■ **BRIEF**: Apart from the images, reproduce all of the data word for word.

■ **SUPPLIED MATERIAL**:

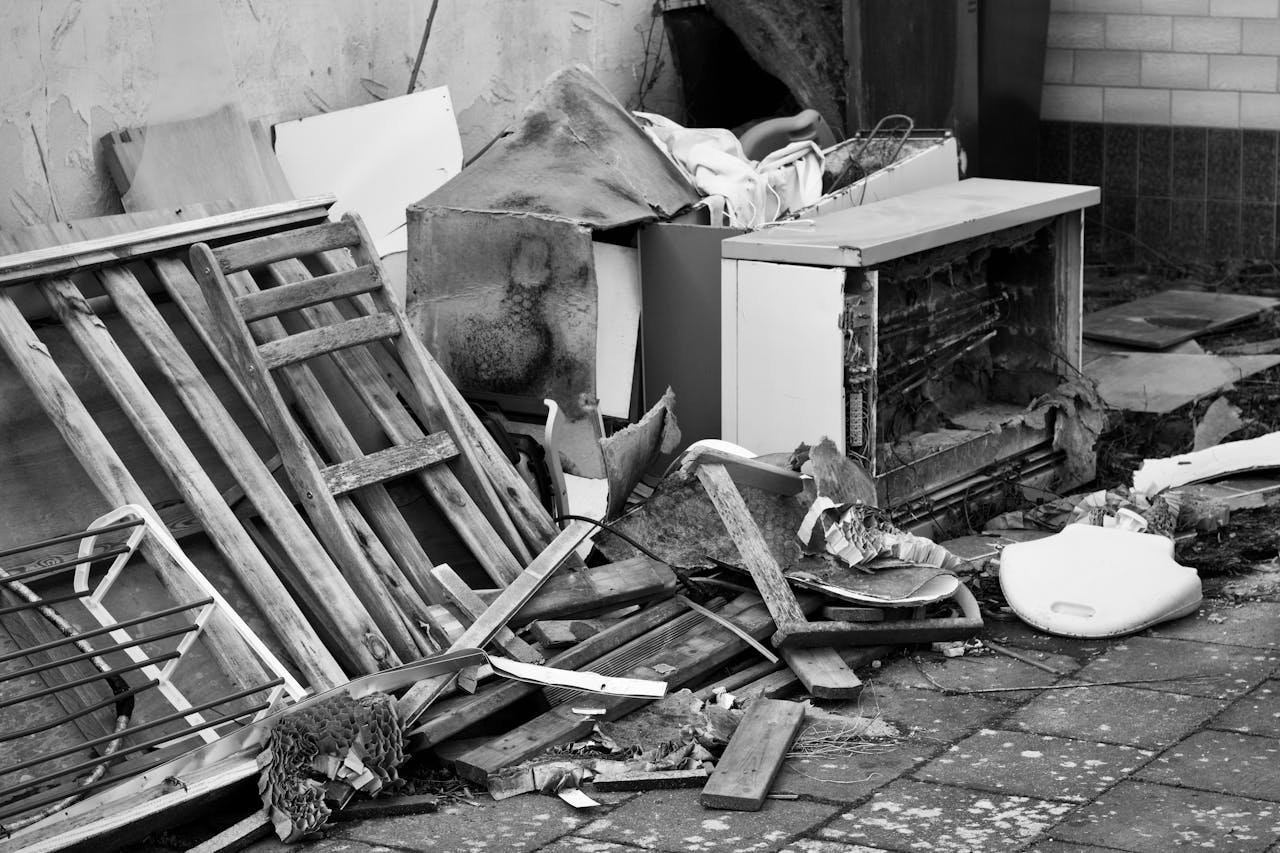 Black and white image of a pile of discarded objects in an urban setting, highlighting decay.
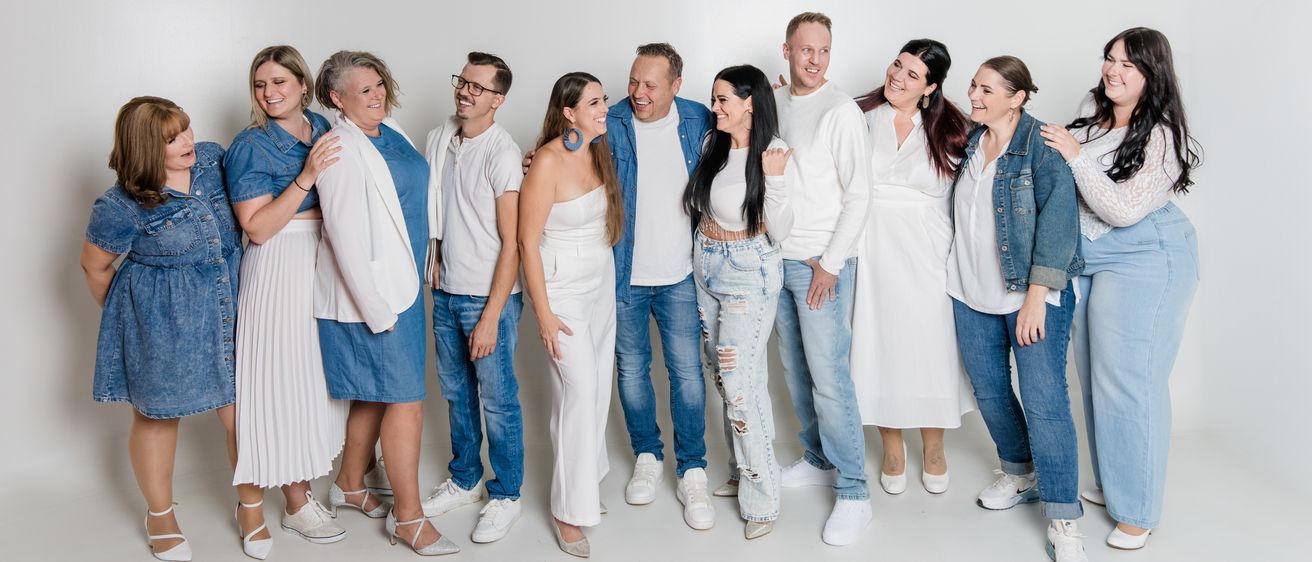 Eine Gruppe von Menschen, die in Weiß und Jeans gekleidet sind, lächeln und für ein Foto vor einem weißen Hintergrund posieren.
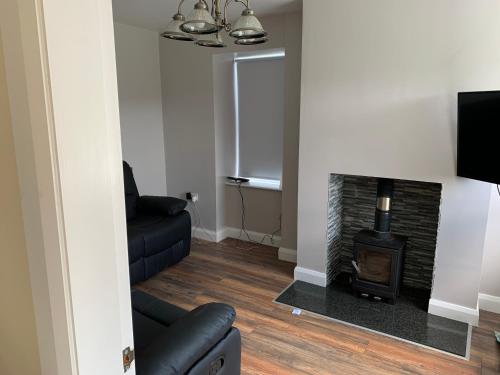 a living room with a fireplace and a couch at Mourne Country Cottage in Warrenpoint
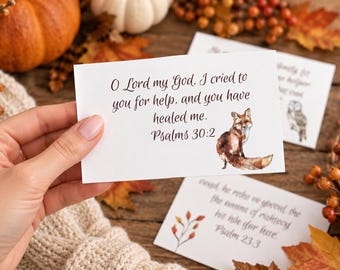 Könnte beinhalten: Eine rechteckige weiße Karte mit einer Aquarellillustration eines Fuchses und dem Text: O Lord my God, I cried to you for help, and you have healed me. Psalms 30:2. Die Karte wird vor einem Hintergrund aus Herbstblättern und Kürbissen gehalten.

■ **THE COMPLETED TASK**:
 Black and white image of a pile of discarded objects in an urban setting, highlighting decay.
 Eine Gruppe von Menschen, die in Weiß und Jeans gekleidet sind, lächeln und für ein Foto vor einem weißen Hintergrund posieren.
 a living room with a fireplace and a couch at Mourne Country Cottage in Warrenpoint
 Könnte beinhalten: Eine rechteckige weiße Karte mit einer Aquarellillustration eines Fuchses und dem Text: O Lord my God, I cried to you for help, and you have healed me. Psalms 30:2. Die Karte wird vor einem Hintergrund aus Herbstblättern und Kürbissen gehalten.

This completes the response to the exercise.